● The data
------

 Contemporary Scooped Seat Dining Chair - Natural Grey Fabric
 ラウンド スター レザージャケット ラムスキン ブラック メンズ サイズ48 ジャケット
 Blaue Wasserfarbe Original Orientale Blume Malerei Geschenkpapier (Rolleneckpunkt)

------

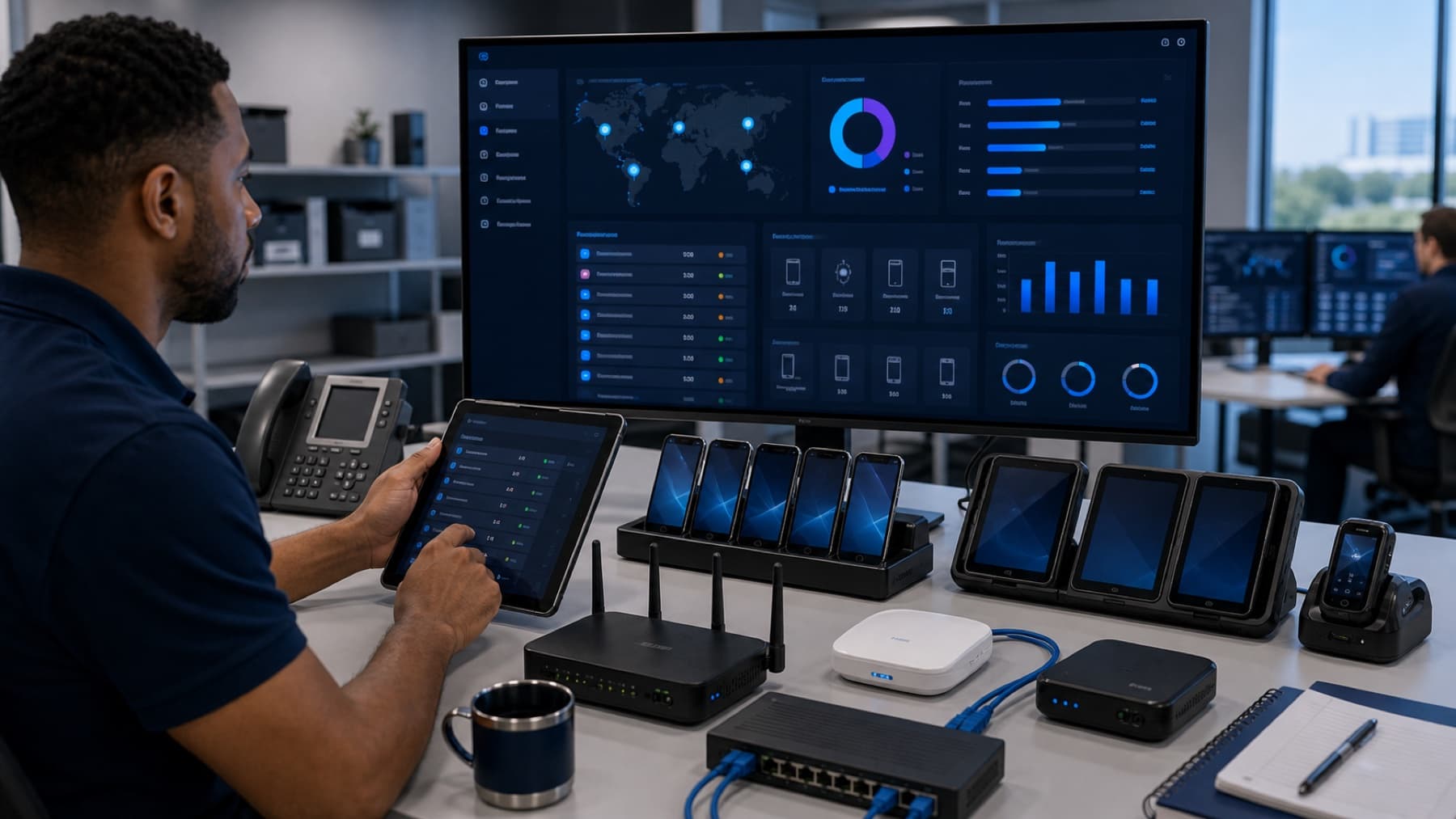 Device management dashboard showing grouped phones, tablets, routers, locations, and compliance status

------

● Exercise prompt
Looking at the data above, write out exactly the lines that start at the one containing "Contemporary Scooped Seat" and end at the one containing "Blaue Wasserfarbe Original"; include both and nothing beyond.

● Answer to the problem
 Contemporary Scooped Seat Dining Chair - Natural Grey Fabric
 ラウンド スター レザージャケット ラムスキン ブラック メンズ サイズ48 ジャケット
 Blaue Wasserfarbe Original Orientale Blume Malerei Geschenkpapier (Rolleneckpunkt)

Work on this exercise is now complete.